À mon arrivée, une dame âgée, avec des lunettes noires me regarda par la fenêtre. C’était la mère d’Andrea. Je fus reçu merveilleusement dans leur jardin. Andrea me montra ses tableaux que je n’appréciai guère. Sa mère m’intrigua beaucoup, elle ressemblait à une ancienne star de cinéma (avec son port de reine-mère et ses lunettes noires), avec son chien et ses chats dans ce jardin d’exil. La mère avait tôt fait d’éclipser sa fille.

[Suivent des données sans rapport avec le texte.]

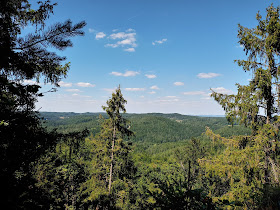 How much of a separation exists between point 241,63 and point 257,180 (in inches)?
194

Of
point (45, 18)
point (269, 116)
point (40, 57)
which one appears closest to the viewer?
point (40, 57)

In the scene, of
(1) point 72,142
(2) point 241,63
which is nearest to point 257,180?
(2) point 241,63

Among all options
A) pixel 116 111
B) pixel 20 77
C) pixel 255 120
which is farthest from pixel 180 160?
pixel 116 111

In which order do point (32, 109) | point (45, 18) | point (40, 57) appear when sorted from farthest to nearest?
Result: 1. point (32, 109)
2. point (45, 18)
3. point (40, 57)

J’aimai particulièrement chez eux une série de tableaux accrochés aux murs autour d’une magnifique harpe. On m’a dit qu’il s’agissait des tableaux du défunt mari de Margret, Harold Gomberg. Il avait joué en tant qu’hautboïste avec les plus grands chefs d’orchestre (Sejiï Osawa, et Léonard Bernstein - on me montra des disques où il fut soliste sous leur direction). Margret Brill était, elle aussi, musicienne, une ancienne harpiste qui avait longtemps joué sous la direction de Léonard Bernstein au Philharmonique de New York. D’ailleurs Bernstein ne préfaçait-il pas le disque de compositions pour harpe de Margret? Elle me parla beaucoup d’elle, de son passé dans sa maison de Capri qu’elle regrettait. Je lui demandai si je pouvais venir filmer en vidéo les tableaux de Harold Gomberg que j’aimais beaucoup. Se pourrait-il, par la même occasion, que je puisse la filmer en train de jouer l’une ou l’autre de ses compositions pour harpe? Elle accepta. Nous avons pris rendez-vous pour le lendemain.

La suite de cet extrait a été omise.